### AIM OF THE EXERCISE:
Although the data holds pictures, return only the lines from the one containing "Image result for Convolvulus aschersonii" to the end, exactly, and without them.

### SUPPLIED INFORMATION:
-*-*-

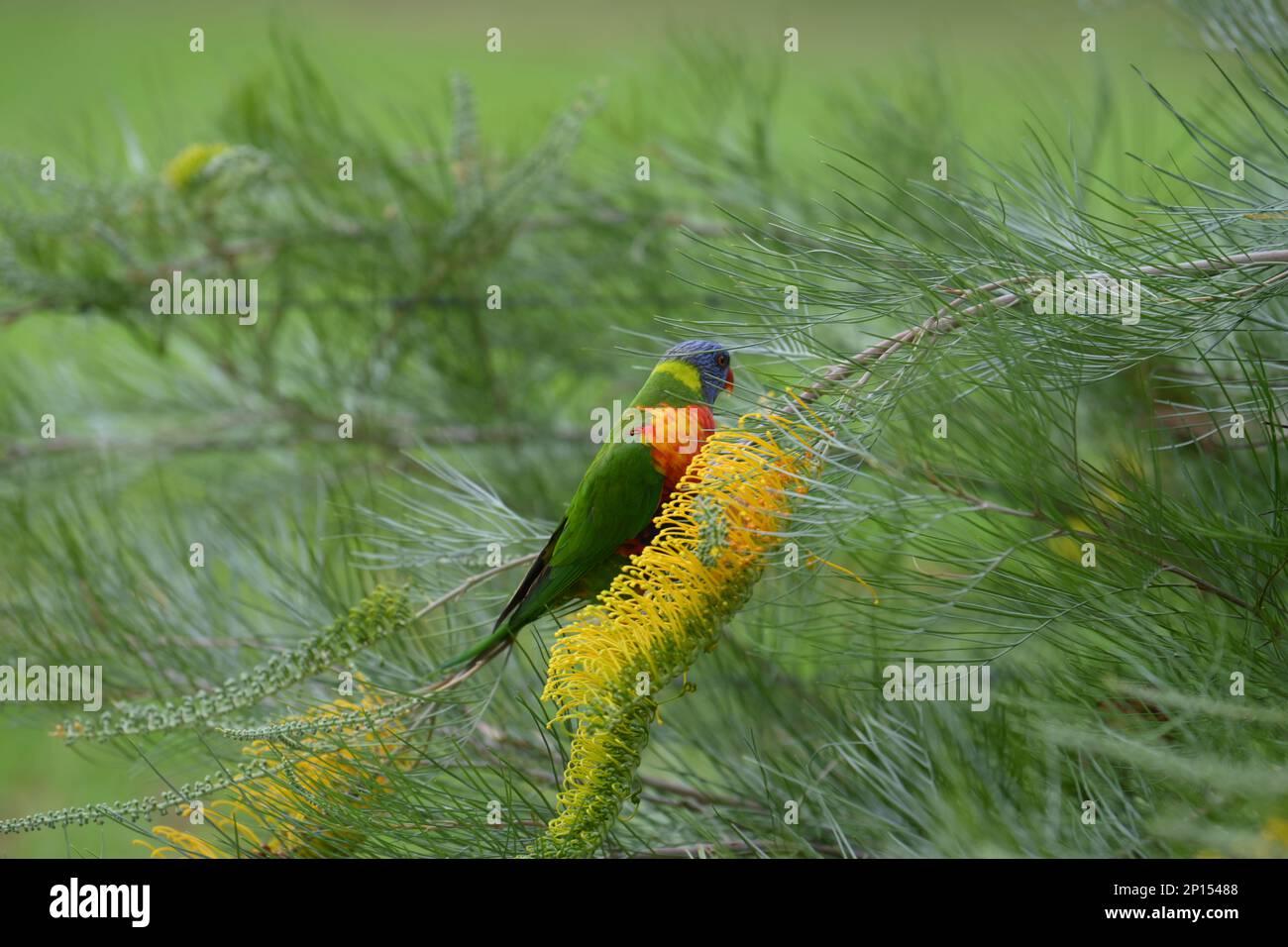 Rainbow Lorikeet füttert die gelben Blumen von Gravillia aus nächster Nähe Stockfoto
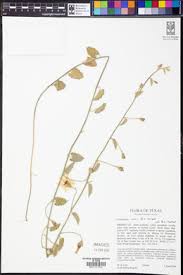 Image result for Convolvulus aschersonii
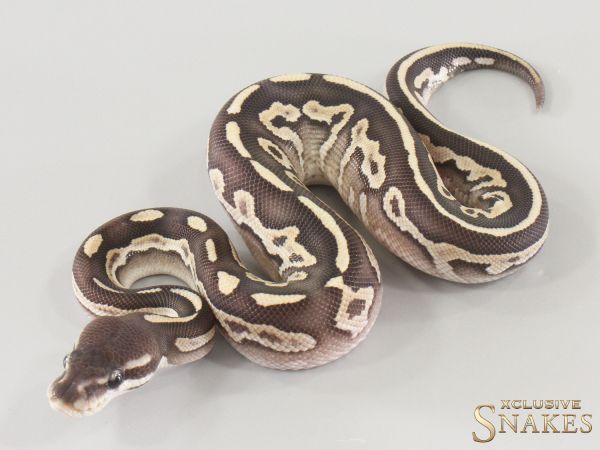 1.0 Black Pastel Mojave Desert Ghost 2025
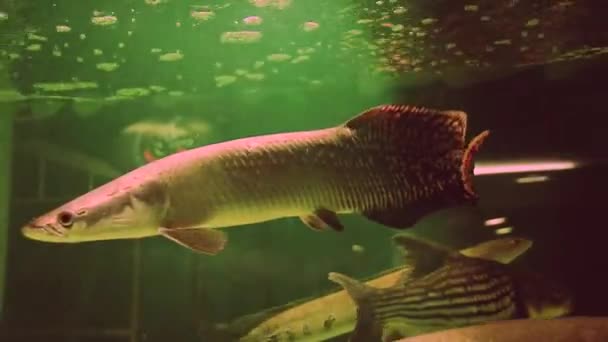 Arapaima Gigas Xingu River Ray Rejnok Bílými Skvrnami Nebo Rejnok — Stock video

-*-*-

### ANSWER FOR THIS EXERCISE:
 Image result for Convolvulus aschersonii
 1.0 Black Pastel Mojave Desert Ghost 2025
 Arapaima Gigas Xingu River Ray Rejnok Bílými Skvrnami Nebo Rejnok — Stock video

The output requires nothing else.